AT&T, IBM develop elastic cloud-to-cloud networking

Enterprise Innovation editors
01 Aug 2014
00:00

Scientists from AT&T, IBM and Applied Communication Sciences (ACS) have unveiled a proof-of-concept technology that reduces set up times for cloud-to-cloud connectivity from days to seconds.

This advance is a major step forward that could one day lead to sub-second provisioning time with IP and next generation optical networking equipment and enables elastic bandwidth between clouds at high connection request rates using intelligent cloud data center orchestrators, instead of requiring static provisioning for peak demand.

The prototype was built with contributions and expertise from AT&T, IBM and ACS, and the work was performed under the auspices of the US government’s DARPA CORONET program, which focuses on rapid reconfiguration of terabit networks.

“The program was visionary in anticipating the convergence of cloud computing and networking, and in setting aggressive requirements for network performance in support of cloud services” said Ann Von Lehmen, the ACS program lead.

AT&T was responsible for developing the overall networking architecture for this concept, drawing on its industry leadership in bandwidth-on-demand (BoD) technologies and advanced routing concepts.
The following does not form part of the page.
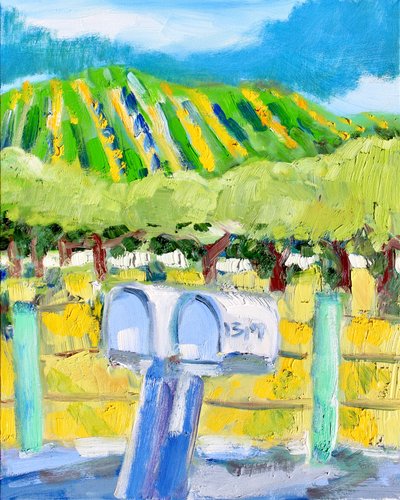 Postkasser og vingård, Napa, 2019 af Richard Fox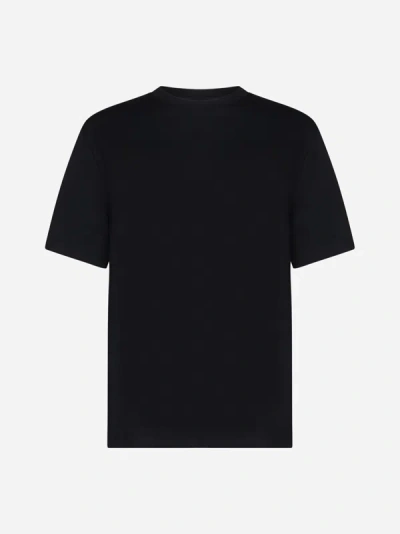 Shop Jil Sander Back Logo Cotton T-shirt In Nero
IBM provided the cloud platform and intelligent cloud data center orchestration technologies to support dynamic provisioning of cloud-to-cloud communications.

ACS contributed its expertise in network management and innovation in optical-layer routing and signaling as part of the overall cloud networking architecture.

This prototype was implemented on OpenStack, an open-source cloud-computing platform for public and private clouds, elastically provisioning WAN connectivity and placing virtual machines between two clouds for the purpose of load balancing virtual network functions.

The use of flexible, on-demand bandwidth for cloud applications, such as load balancing, remote data center backup operation, and elastic scaling of workload, provides the potential for major cost savings and operational efficiency for both CSPs and carriers.